- Born: 28 June 1954 (age 72) Cali, Colombia
- Citizenship: Colombian/USA
- Education: Antonio M. Valencia conservatory; University of Valle; Temple University;
- Occupations: Composer; Music educator; Founder and director, Las Américas en Concierto;
- Style: Contemporary
- Website: albapotes.com

= Alba Lucía Potes Cortés =

Alba Lucía Potes Cortés (born 1954) is a composer of contemporary classical music, and teacher at the Mannes School of Music, College Preparatory Division, in New York.

== Life ==
Born in Cali, Colombia, she studied at the Antonio M. Valencia conservatory, and the University of Valle in Cali Colombia, where she studied with Leon J. Simar. In 1983, she moved to the United States. She graduated from Temple University degree in music theory, cum laude, and with a master's and doctorate in composition. She studied with Matthew Greenbaum, Ursula Mamlok and Maurice Wright.

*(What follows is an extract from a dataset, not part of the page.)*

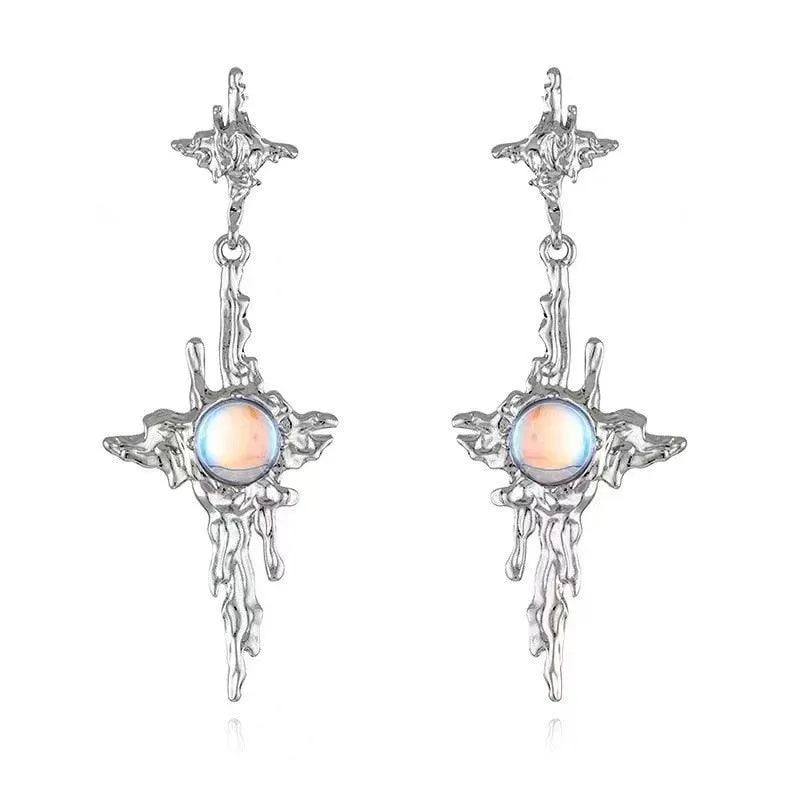 Gothic Irregular Star Stone Lava Geometric Moonstone Earrings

She lives in New York City.

==Career==
Alba Potes' compositions have been performed by the Montreal Chamber Orchestra, National Symphony of Colombia, National Philharmonic Orchestra of Venezuela, Darmstadt 2000 Internationale Ferienkurse für Neue Musik, the Symphony Orchestra of Cali, Festival Internacional Cervantino, International Alliance for Women in Music, the ISCM in New York, Parnassus, the Composer's Conference at Wellesley College, the Network for New Music, Momenta Quartet, The Stefan Wolpe Society, the New York New Music Ensemble, the Institute for New Music in Freiburg, Germany, the ISCM in Seoul, South Korea and at International Musical Festivals in Germany, México, El Salvador, England, Colombia, Brazil and Venezuela. Her music has been performed by soprano Susan Narucki, pianists David Holtzman, Charles Abramovic, Martha Marchena, Ana Cervantes, and Blair McMiller, saxophonist Marshall Taylor, percussionist Mircea Ardeleanu and violist Stephanie Griffin.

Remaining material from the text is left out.